On 9 April Chancellor Gordon Brown will announce his Budget for 2003/2004. But a global economic downturn and the costs of war will make it difficult for him to balance the books.

Revising down growth forecasts is becoming something of a habit for Gordon Brown.

Chancellor Gordon Brown arriving at Downing Street for a war cabinet meeting
A faltering economy and the cost of war weigh on Gordon Brown's mind
The forthcoming budget will probably see the chancellor swallowing his pride once again, and admitting that he read the economy wrong.

The forecasts made by the Treasury only last November are already looking too optimistic. Back then, Mr Brown expected the economy to grow by between 2.5% and 3% this year - independent analysts are pencilling in just 1.9% to 2.4%.

Gloomy backdrop

The chancellor's usual trick when he's forced to cut near-term forecasts, is to make up the lost ground by boosting growth expectations in future years.

UK GDP growth - and conflicting Treasury and analysts' forecasts

But he'll struggle to do that this time. The Treasury is already counting on growth of 3% to 3.5% in 2004 - economists say it will be more like 2.6%.

So why the gloomy backdrop? The war can take some of the blame, but not all of it. It creates uncertainty which stops businesses from investing and us from spending.

It also plays havoc with the price of oil - a sustained war could keep prices high, adding to firms' costs and subtracting from their profits.

The stockmarket also stands little chance of a solid recovery while war prevails.

Don't blame the war

But even if the conflict was to end tomorrow, it wouldn't mean an instant cure for all the economy's ills.

Growth was faltering before the war, and chances are it will continue to falter after it.

Firstly, there is the apparent slowdown in consumption. Fears of a housing market collapse, expectations of slower future income growth and a build-up of debt looks to be curbing our appetite for spending.

It's by far the most significant part of the economy - accounting for around 60% - so any deceleration will be keenly felt.

Secondly, the global economy continues to struggle. Growth in the United States is fragile as is that in the eurozone, Britain's largest trading partner.

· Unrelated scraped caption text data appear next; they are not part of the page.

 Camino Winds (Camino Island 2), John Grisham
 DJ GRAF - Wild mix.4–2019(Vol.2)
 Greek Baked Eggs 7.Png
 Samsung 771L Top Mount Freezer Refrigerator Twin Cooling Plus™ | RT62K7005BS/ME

That has hampered British exports - they've fallen in five out of the past six quarters.

The recent fall in the pound will help by making exports cheaper, but that will take some time to feed through - and it's still no substitute for a surge in world demand.

Counting the shortfall

UK budget deficit forecasts

Investment in the economy - or rather the lack of it - has also ambushed Mr Brown's growth forecasts. He expected fixed investment to rise by around 6.5% this year, a figure that's looking wildly optimistic.

Government spending is about the only part of the economy that's contributing to growth as expected.

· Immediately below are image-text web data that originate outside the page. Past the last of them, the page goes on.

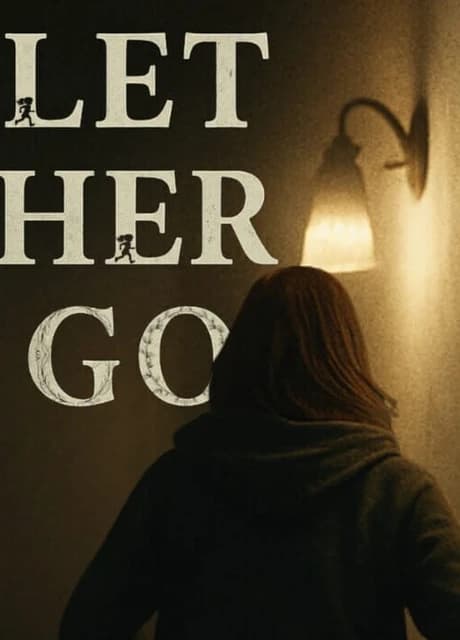Let Her Go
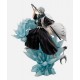 Ichiban Kuji Bleach : La guerre du sang OP. 1 - Prix C : Byakuya Kuchiki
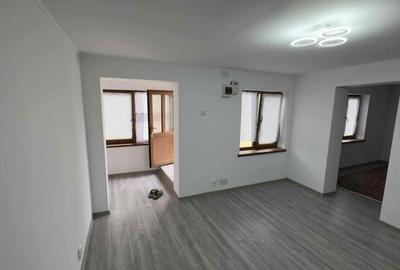 Casă cu 4 camere în Odaia Manolache - 2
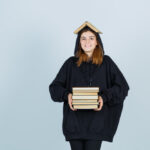 Обучение: диплом на тему «управление персоналом организации», дипломные работы по филологии и темы для диплома по бухучету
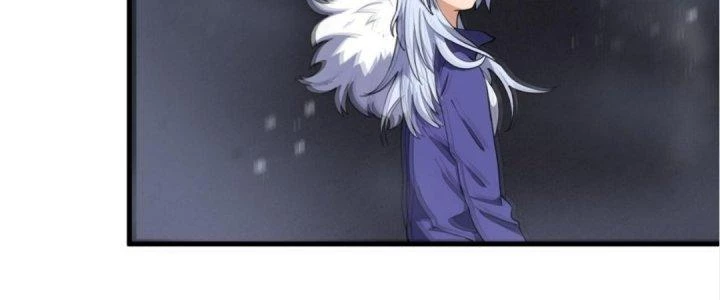 Ta Đến Từ Thời Không Chapter 33 - 255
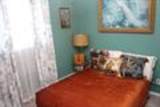 1106 7TH Street - Photo 7
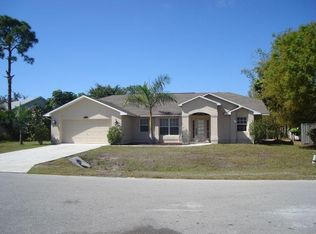 27370 Preservation St, Bonita Springs, FL 34135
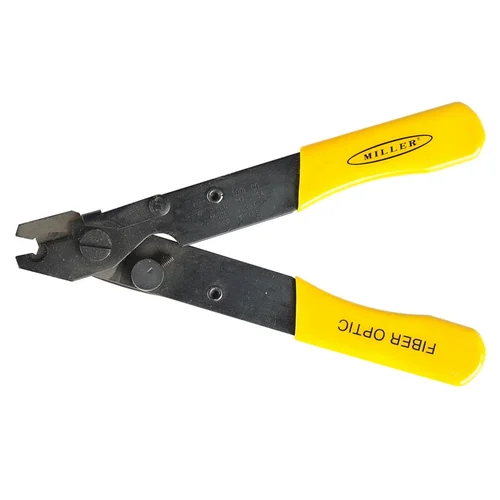 Стриппер Miller FO 103-S 125 MICRON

The limp economic backdrop means the chancellor will almost certainly receive less tax revenue than he was counting on. Central government revenues rose 1.5% in the first 11 months of the 2002/03 fiscal year, compared with a pre-budget forecast of 2.2% for the year as a whole.

It's not much in percentage terms, but given total revenues of more than 400bn, it soon adds up in absolute terms.

Higher taxes?

The judgement Mr Brown has to make is whether that shortfall is entirely down to the disappointment in growth, or whether it reflects a change in the relationship between growth and tax revenues.

If it's the former, he can afford to let borrowing take the strain and simply pay the money back when the good times return.

If it's the latter, the chancellor will need to reassess his revenue projections for years to come.

If he wants to carry on spending at the current rate, that means one thing - higher taxes.